True sharing is why locks can be expensive even under the uncontended case. The last acquisition/release of a lock often takes place on a different core. So the cache line holding the state of the lock must migrate over to the current core’s cache first before the lock can be acquired. Under high contention on a spinlock, performance can absolutely collapse due to the cache line holding the lock bouncing across cores.
Thread Affinity
Tldr; Sharing is not caring. Keep operations against a data structure limited to a single thread for its lifetime if possible. Data structures should ideally be exclusively created, accessed, modified, and freed from the same thread and core.

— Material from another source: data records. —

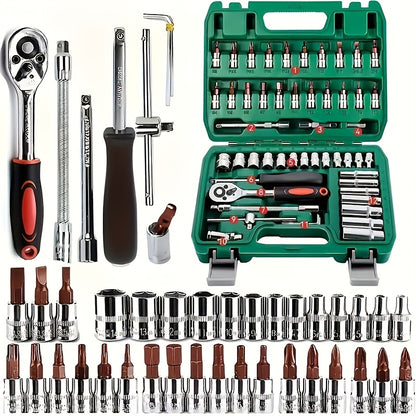 [Fast Arrival] 324+1pc/53/47pcs Professional Automotive Master Tool Kit - Premium Tool Sets For Car, Bike, And Motorcycle Maintenance - Compact, Portable, And All-In-One Solution With Ratchet Wrench, Assorted Screwdriver Set, Without Battery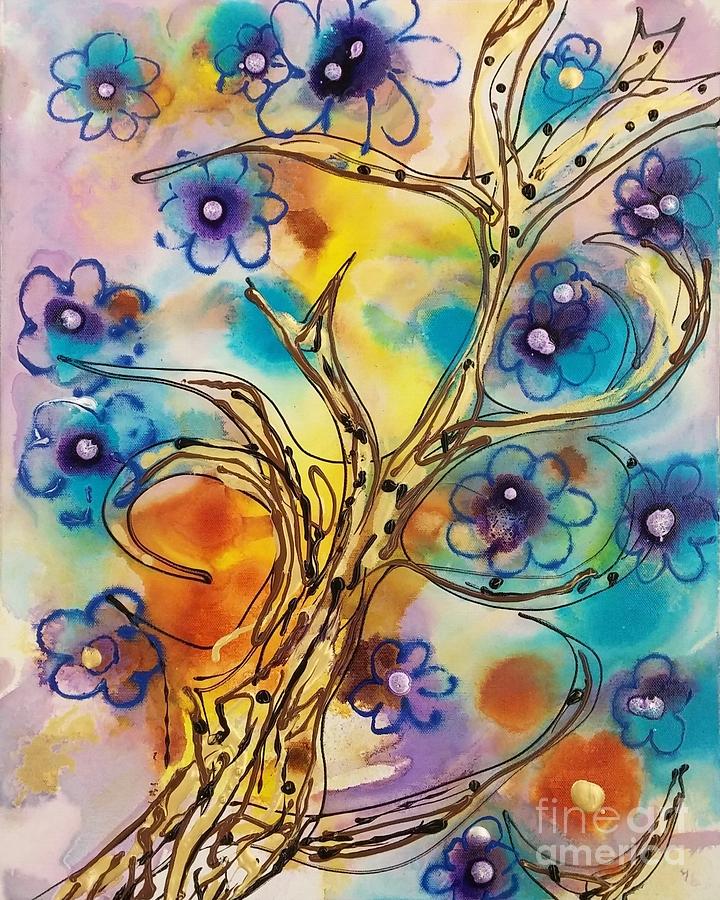 Flower Tree Painting by Catherine GruetzkeBlais Fine Art America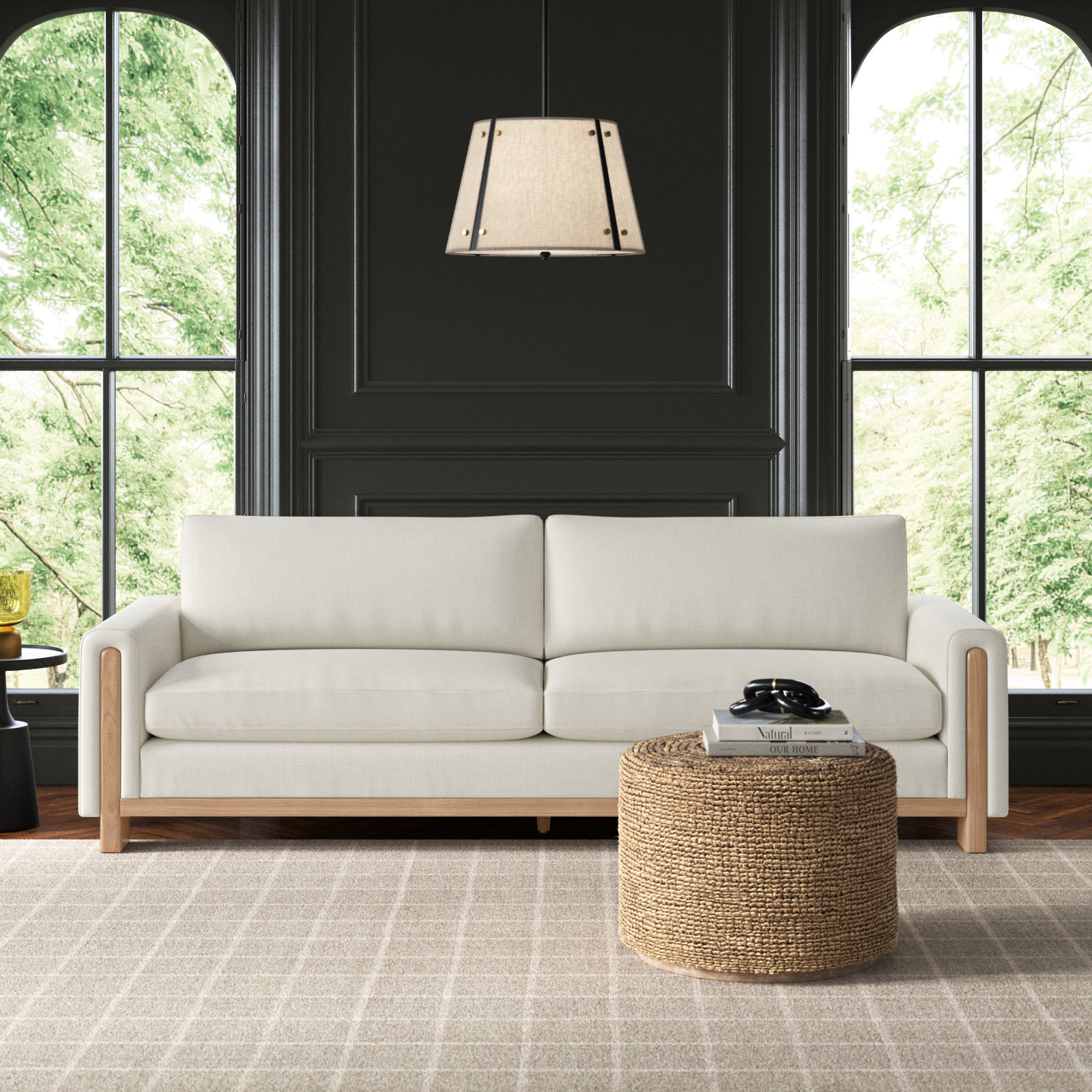 Adika 88" Upholstered Sofa, Effie Linen Performance Basketweave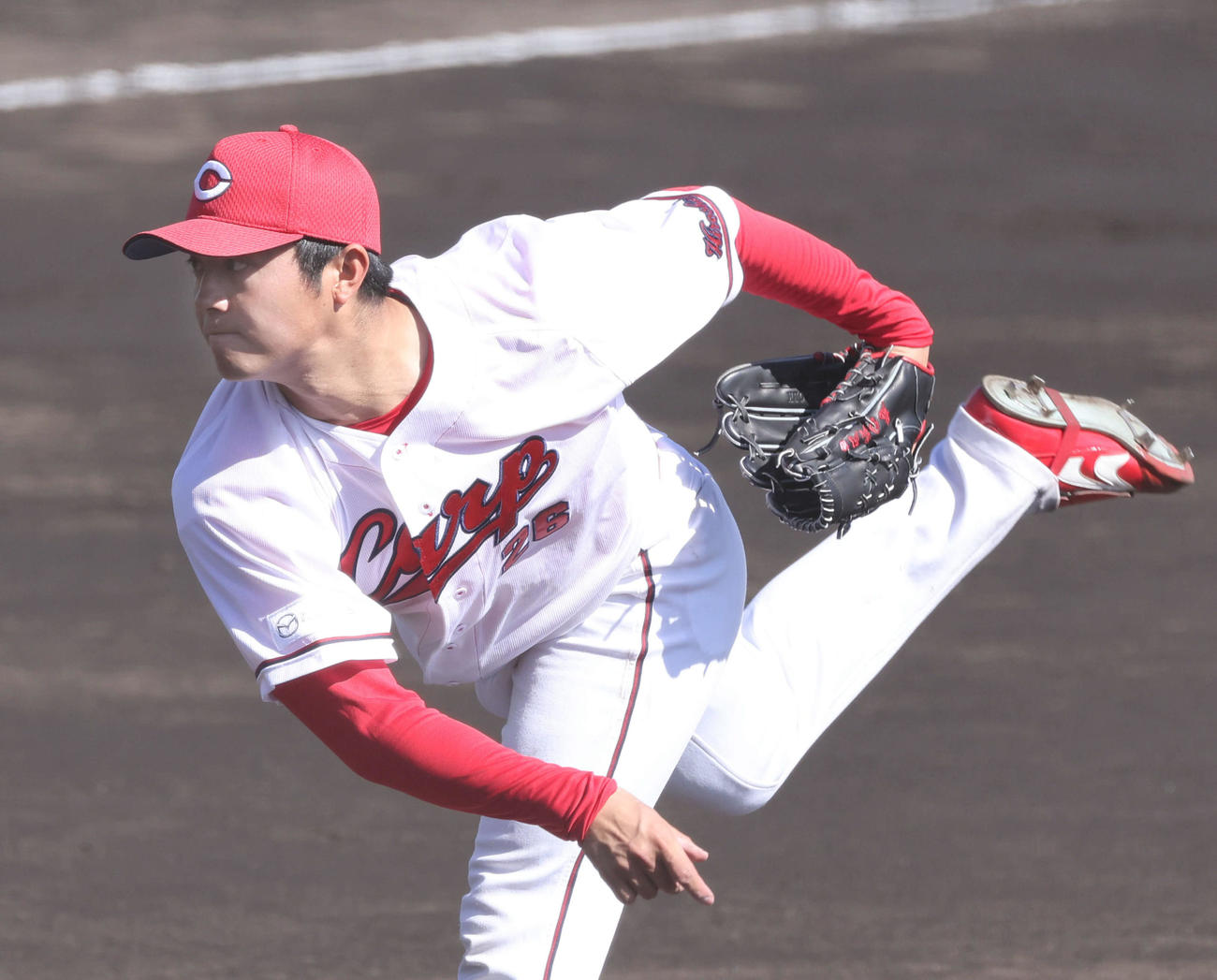 練習試合広島対楽天　7回表楽天、広島4番手、ドラフト3位の益田（撮影・加藤孝規）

Storage software I’ve worked on is incredibly aggressive about this. Allocators are thread aware. Many APIs require a thread ID indicating which data path thread is calling the API so state can be correctly partitioned across different threads to avoid cross thread access. A given IO operation is assigned to a single data path thread for it’s entire lifecycle, and no other thread/core is allowed to ever read/write to that struct. This has the beneficial side effect of side-stepping the need for any locking of state. Instead of moving the data to different cores to act on it, we keep/move computation to the core with ownership of the data.